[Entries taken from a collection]
____
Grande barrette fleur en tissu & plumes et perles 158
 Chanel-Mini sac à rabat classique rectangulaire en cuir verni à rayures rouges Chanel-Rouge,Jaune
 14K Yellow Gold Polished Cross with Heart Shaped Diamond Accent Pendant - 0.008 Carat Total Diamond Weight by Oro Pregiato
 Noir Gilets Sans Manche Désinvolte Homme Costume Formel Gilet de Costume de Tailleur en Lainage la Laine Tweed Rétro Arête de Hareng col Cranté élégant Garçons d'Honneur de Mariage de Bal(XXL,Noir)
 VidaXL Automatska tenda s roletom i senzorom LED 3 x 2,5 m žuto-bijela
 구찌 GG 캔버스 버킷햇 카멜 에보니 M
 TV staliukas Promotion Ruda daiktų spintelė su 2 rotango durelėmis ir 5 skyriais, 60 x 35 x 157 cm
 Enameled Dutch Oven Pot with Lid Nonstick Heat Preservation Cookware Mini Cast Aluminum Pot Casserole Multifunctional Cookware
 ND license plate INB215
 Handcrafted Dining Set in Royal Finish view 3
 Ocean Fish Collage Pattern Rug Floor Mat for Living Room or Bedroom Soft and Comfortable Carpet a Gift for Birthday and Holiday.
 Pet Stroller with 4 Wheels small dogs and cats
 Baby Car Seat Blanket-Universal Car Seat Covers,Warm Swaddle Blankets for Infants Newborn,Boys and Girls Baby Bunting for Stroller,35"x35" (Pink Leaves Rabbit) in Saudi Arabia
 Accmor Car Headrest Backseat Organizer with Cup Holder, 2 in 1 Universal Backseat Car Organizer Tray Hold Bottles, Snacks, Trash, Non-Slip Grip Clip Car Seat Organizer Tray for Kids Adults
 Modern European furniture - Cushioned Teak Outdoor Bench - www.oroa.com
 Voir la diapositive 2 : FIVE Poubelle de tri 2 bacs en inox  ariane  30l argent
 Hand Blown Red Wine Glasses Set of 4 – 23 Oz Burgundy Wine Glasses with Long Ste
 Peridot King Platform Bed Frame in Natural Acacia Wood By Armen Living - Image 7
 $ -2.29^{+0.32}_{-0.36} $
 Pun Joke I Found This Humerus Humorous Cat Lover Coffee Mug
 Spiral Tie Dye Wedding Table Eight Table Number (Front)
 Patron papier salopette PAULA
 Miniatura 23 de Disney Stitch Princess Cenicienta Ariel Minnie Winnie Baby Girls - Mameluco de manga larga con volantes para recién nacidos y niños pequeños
____
→ TRY IT: All entries must come back exactly as they were written.

→ ANSWER FOR THE TASK:
Grande barrette fleur en tissu & plumes et perles 158
 Chanel-Mini sac à rabat classique rectangulaire en cuir verni à rayures rouges Chanel-Rouge,Jaune
 14K Yellow Gold Polished Cross with Heart Shaped Diamond Accent Pendant - 0.008 Carat Total Diamond Weight by Oro Pregiato
 Noir Gilets Sans Manche Désinvolte Homme Costume Formel Gilet de Costume de Tailleur en Lainage la Laine Tweed Rétro Arête de Hareng col Cranté élégant Garçons d'Honneur de Mariage de Bal(XXL,Noir)
 VidaXL Automatska tenda s roletom i senzorom LED 3 x 2,5 m žuto-bijela
 구찌 GG 캔버스 버킷햇 카멜 에보니 M
 TV staliukas Promotion Ruda daiktų spintelė su 2 rotango durelėmis ir 5 skyriais, 60 x 35 x 157 cm
 Enameled Dutch Oven Pot with Lid Nonstick Heat Preservation Cookware Mini Cast Aluminum Pot Casserole Multifunctional Cookware
 ND license plate INB215
 Handcrafted Dining Set in Royal Finish view 3
 Ocean Fish Collage Pattern Rug Floor Mat for Living Room or Bedroom Soft and Comfortable Carpet a Gift for Birthday and Holiday.
 Pet Stroller with 4 Wheels small dogs and cats
 Baby Car Seat Blanket-Universal Car Seat Covers,Warm Swaddle Blankets for Infants Newborn,Boys and Girls Baby Bunting for Stroller,35"x35" (Pink Leaves Rabbit) in Saudi Arabia
 Accmor Car Headrest Backseat Organizer with Cup Holder, 2 in 1 Universal Backseat Car Organizer Tray Hold Bottles, Snacks, Trash, Non-Slip Grip Clip Car Seat Organizer Tray for Kids Adults
 Modern European furniture - Cushioned Teak Outdoor Bench - www.oroa.com
 Voir la diapositive 2 : FIVE Poubelle de tri 2 bacs en inox  ariane  30l argent
 Hand Blown Red Wine Glasses Set of 4 – 23 Oz Burgundy Wine Glasses with Long Ste
 Peridot King Platform Bed Frame in Natural Acacia Wood By Armen Living - Image 7
 $ -2.29^{+0.32}_{-0.36} $
 Pun Joke I Found This Humerus Humorous Cat Lover Coffee Mug
 Spiral Tie Dye Wedding Table Eight Table Number (Front)
 Patron papier salopette PAULA
 Miniatura 23 de Disney Stitch Princess Cenicienta Ariel Minnie Winnie Baby Girls - Mameluco de manga larga con volantes para recién nacidos y niños pequeños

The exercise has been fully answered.